Des maires dépourvus de moyens
Alors qu’il n’a pas de compétence directe en matière de santé et encore moins d’installations classées, le maire est en première ligne pour protéger les populations en cas d’exposition à une pollution et doit alors mettre en œuvre tous les moyens dont il dispose. Il y a ainsi un "paradoxe", relève l’association, "entre la responsabilité du maire sur sa compétence ‘hygiène et salubrité’ et l’absence de levier pour l’activer. Le maire est donc contraint d’agir sur les cibles (fermetures de jardins potagers, mesures de protection dans les crèches et écoles, etc.) et est complètement dépendant des services de l’État pour agir à la source".
Les contaminations ont en outre des impacts sur les missions des collectivités telles que la distribution de l’eau potable, la protection des milieux, la gestion du foncier et des déchets, etc. "Elles entravent le bon fonctionnement des services publics et la mise en œuvre des politiques locales", souligne le rapport d’Amaris, avec des conséquences qui sont également financières.

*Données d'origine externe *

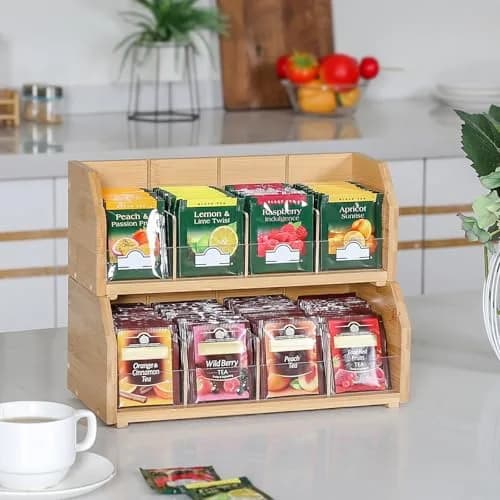 TIOPGHAD 2-Layer Stackable Bamboo Tea Bag Organizer Holder 32cm (12.2in) | Holds 150 Tea Bags thumbnail 6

"Fardeau des sols pollués"
Deux situations sont fréquemment évoquées par les collectivités, note-t-il. Premier cité, le "fardeau des sols pollués". Alors que la pression foncière, la lutte contre l’artificialisation des sols, la nécessité de renaturer des espaces délaissés conduisent les collectivités à réhabiliter des friches industrielles, "l’identification des sols pollués est aujourd’hui très incomplète, souvent représentée par quelques points sur les cartographies mises à disposition au niveau national, constate le rapport. Pour une collectivité, la réalité peut se décliner, sur des milliers de sites, bien souvent méconnus, et sur lesquels il est nécessaire d’initier des investigations, que seules les grandes métropoles peuvent financer".
Menace sur l'eau potable
Autre sujet d’irritation pour les élus : la menace sur l’eau potable, dont la pollution par les PFAS ou polluants éternels est révélatrice des enjeux dans ce domaine. En 2022, des élus du sud lyonnais et de Savoie ont été informés du fait que l’eau distribuée était contaminée par des substances dont ils n’avaient jamais entendu parler jusqu’alors. "Ce problème se généralise progressivement depuis 3 ans à d’autres territoires et s’accompagne de recommandations, voire d’interdictions, constate le rapport. Les collectivités sont sommées de parer, seules, à l’urgence, puis de mettre en place des plans d’actions pour assurer la continuité du service public." En l’absence de mécanismes de financement adéquats, les collectivités assument une part importante des mesures à mettre en place. Ainsi, la restauration de la qualité de l’eau potable bénéficie d’aides des agences de l’eau, mais la charge financière est assumée majoritairement par les collectivités, pointe le rapport.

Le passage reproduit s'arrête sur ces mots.